# ABOUT THIS EXERCISE
Please give back each line below unchanged; none of the pictures should appear.

# ENTRIES PROVIDED
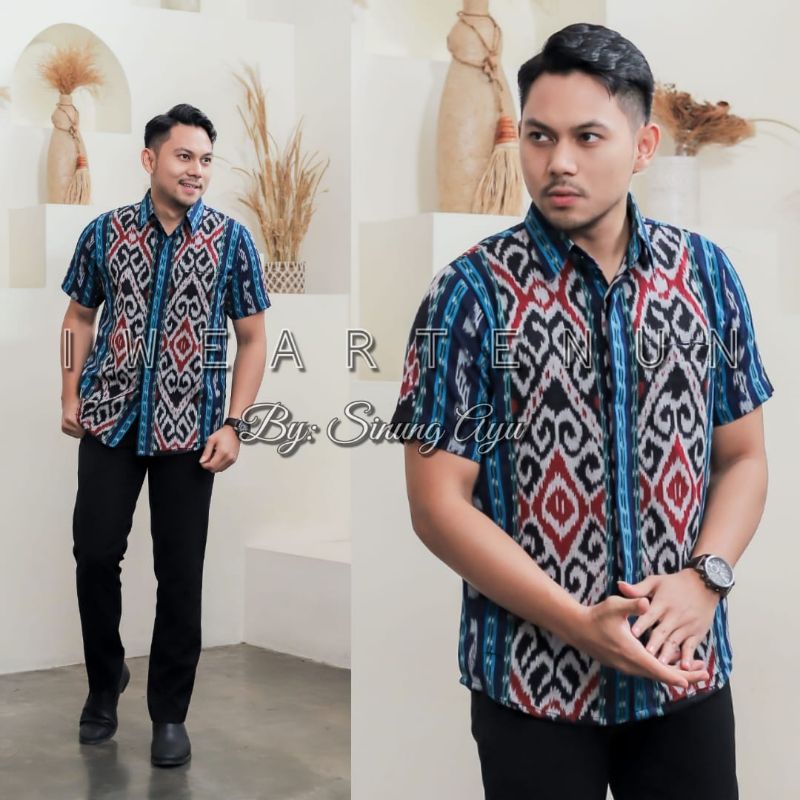 Jual KEMEJA TENUN IKAT JEPARA MOTIF TURKISH Shopee Indonesia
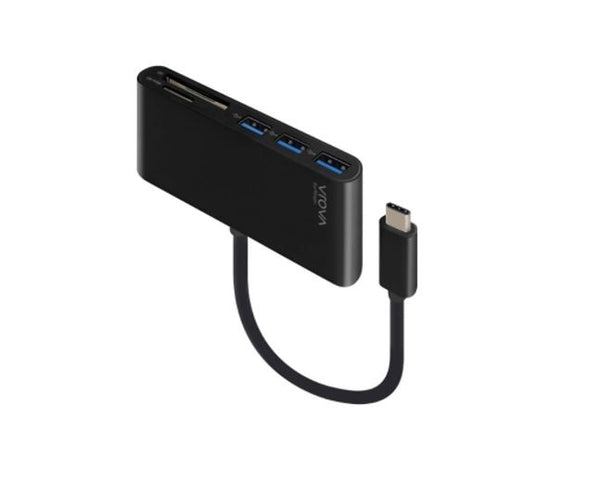 Alogic USB-C to Multi Card Reader & 3-Port USB Hub - 10cm, Black - VROVA Series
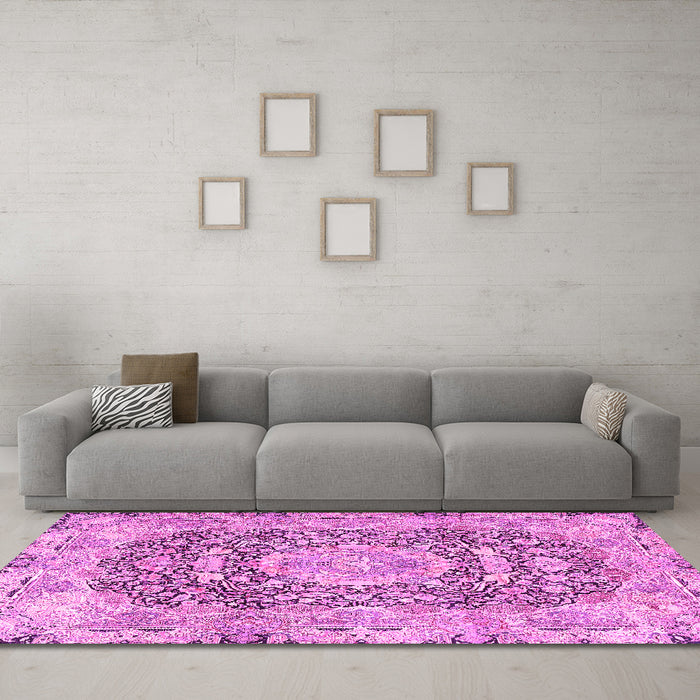 Machine Washable Persian Pink Traditional Rug in a Living Room, wshtr4095pnk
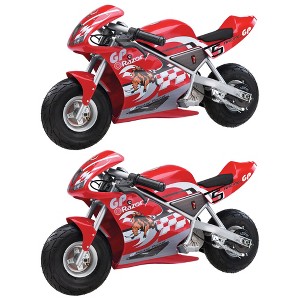 Razor 24 Volt Mini Electric Bike 1 Speed Dirt Racing Motorcycle Pocket Rocket with 10” Pneumatic Tires, Speeds up to 15 MPH, Ages 13 Plus, 2 Pack, Red - 1 of 4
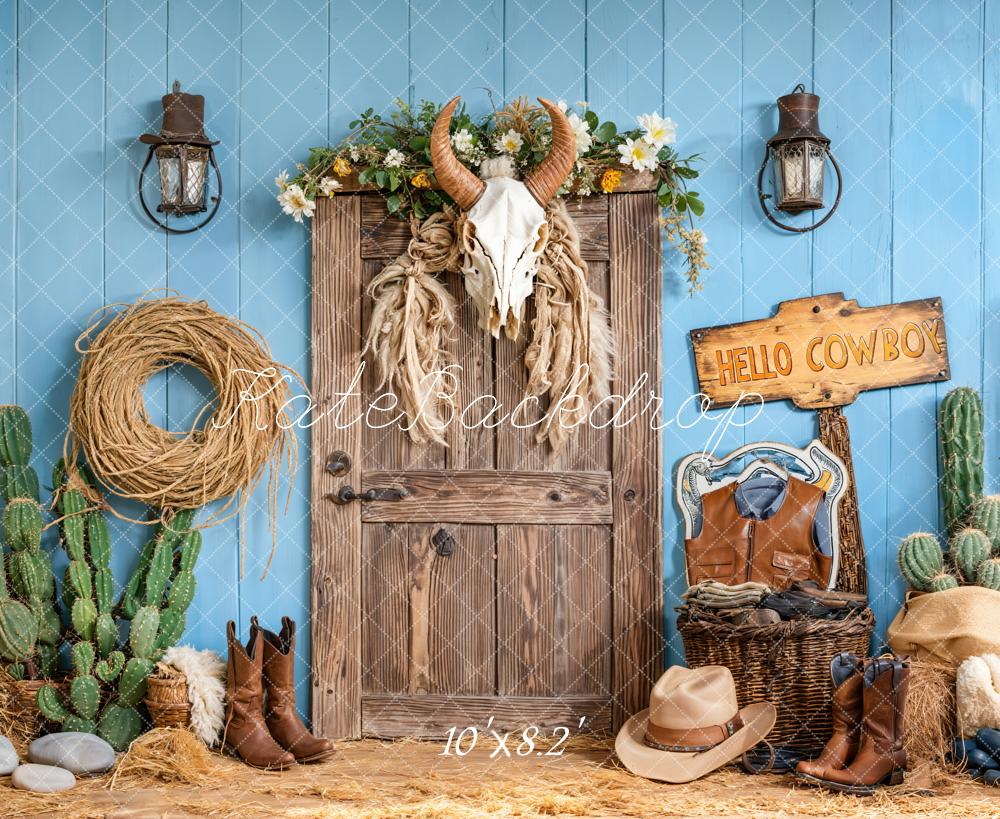 Kate Birthday Western Cowboy Cactus Door Backdrop Designed by Emetselch - Image 5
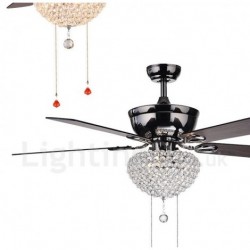 132CM (52") American Style Wood Retro Remote Control Ceiling Fan Light with Crystal Shade Mute Pure Copper Motor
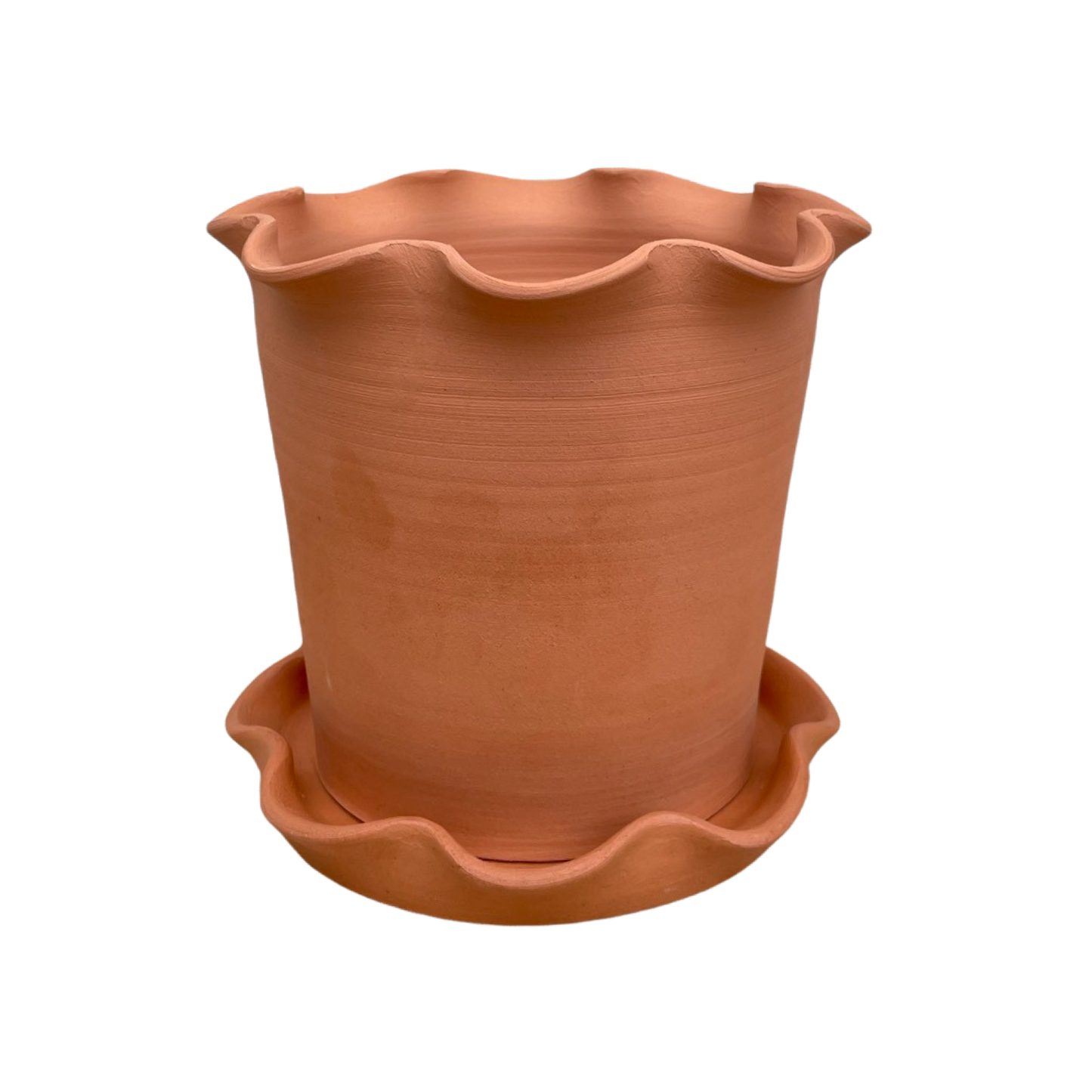 Frilly Plant Pot and Saucer - Terracotta.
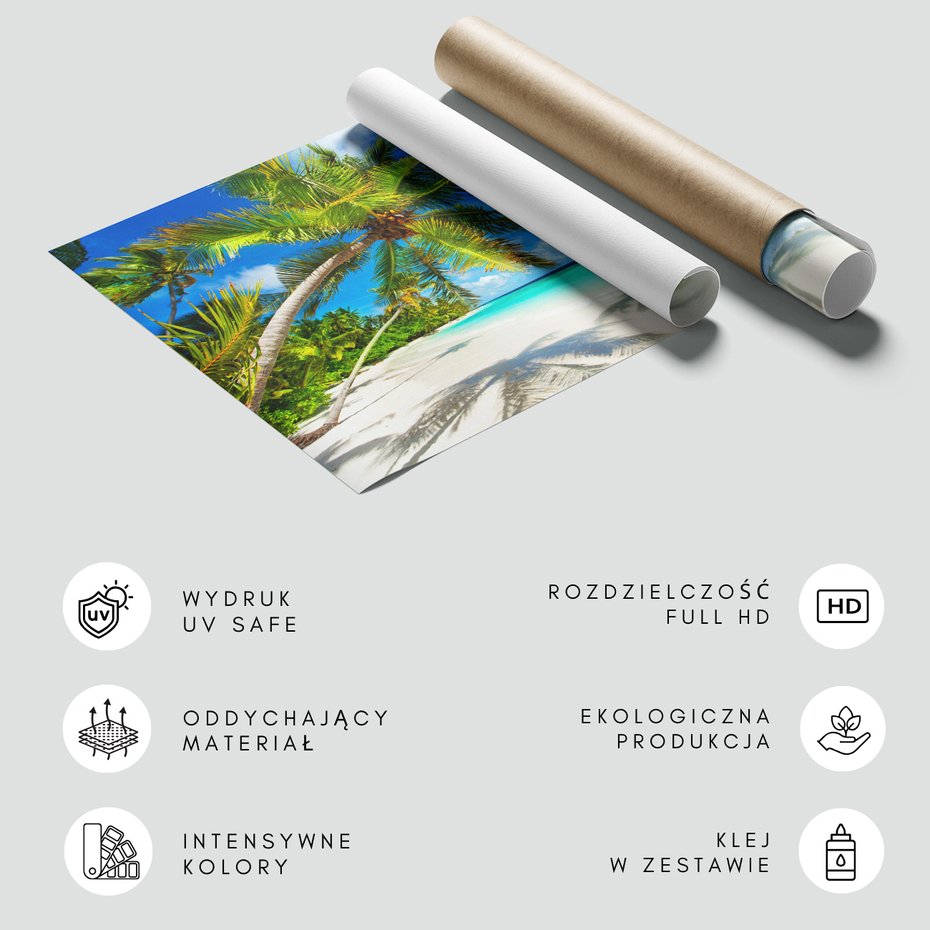 Fototapeta - palmy, plaża, morze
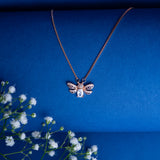 Diamond bee pendant in Rose Gold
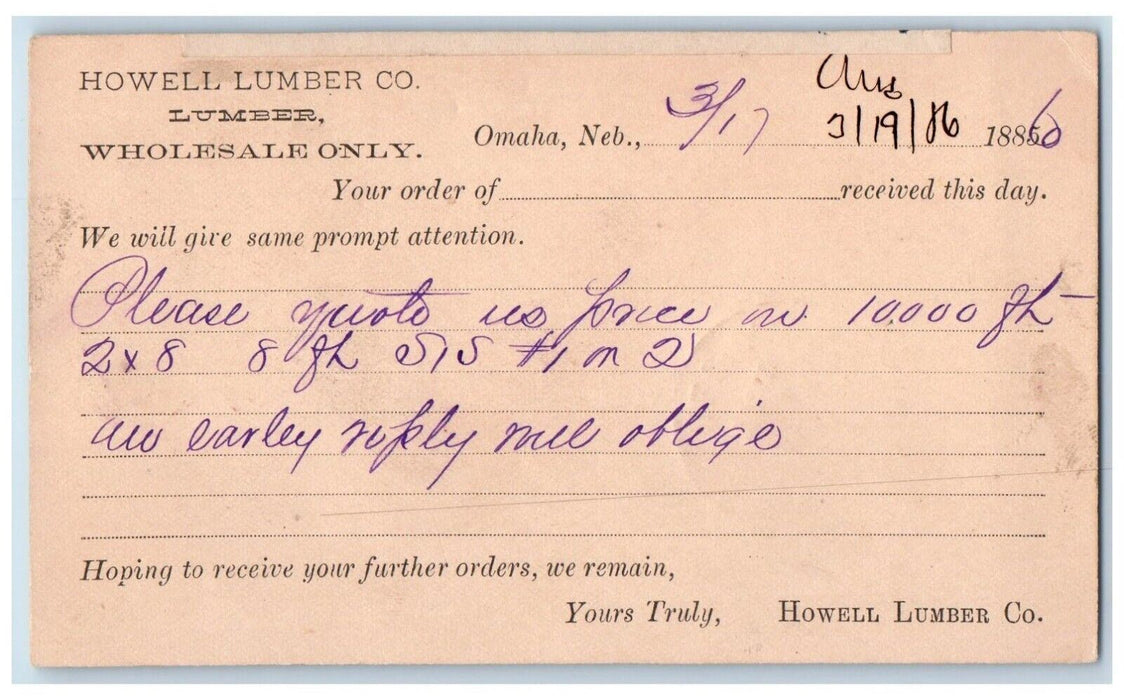 1886 Howell Lumber Co. Wholesale Only Omaha NE Clinton IA Postal Card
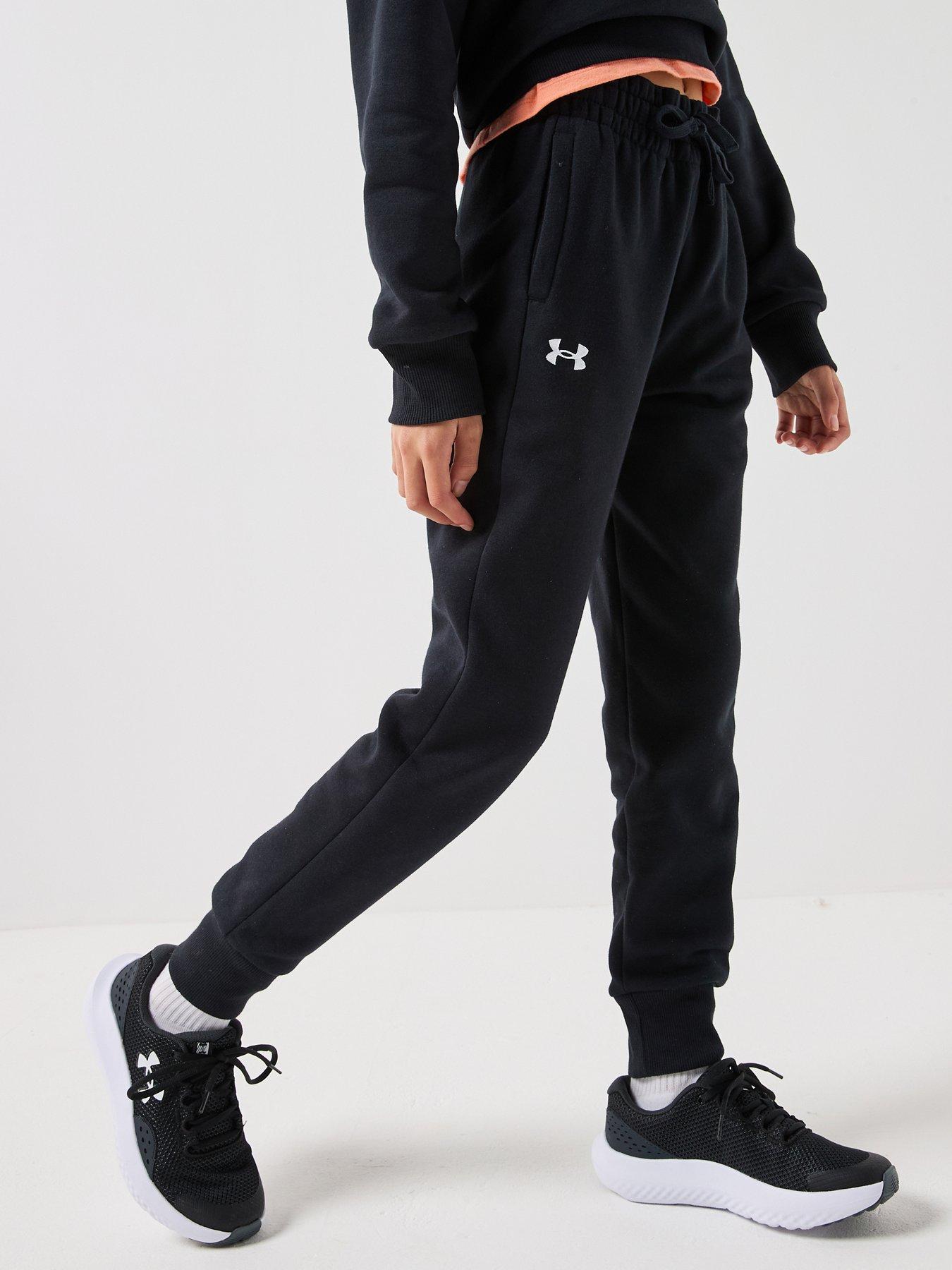 UNDER ARMOUR Girls Rival Fleece Joggers - Black/White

# WRITTEN RESPONSE
 Jual KEMEJA TENUN IKAT JEPARA MOTIF TURKISH Shopee Indonesia
 Alogic USB-C to Multi Card Reader & 3-Port USB Hub - 10cm, Black - VROVA Series
 Machine Washable Persian Pink Traditional Rug in a Living Room, wshtr4095pnk
 Razor 24 Volt Mini Electric Bike 1 Speed Dirt Racing Motorcycle Pocket Rocket with 10” Pneumatic Tires, Speeds up to 15 MPH, Ages 13 Plus, 2 Pack, Red - 1 of 4
 Kate Birthday Western Cowboy Cactus Door Backdrop Designed by Emetselch - Image 5
 132CM (52") American Style Wood Retro Remote Control Ceiling Fan Light with Crystal Shade Mute Pure Copper Motor
 Frilly Plant Pot and Saucer - Terracotta.
 Fototapeta - palmy, plaża, morze
 Diamond bee pendant in Rose Gold
 1886 Howell Lumber Co. Wholesale Only Omaha NE Clinton IA Postal Card
 UNDER ARMOUR Girls Rival Fleece Joggers - Black/White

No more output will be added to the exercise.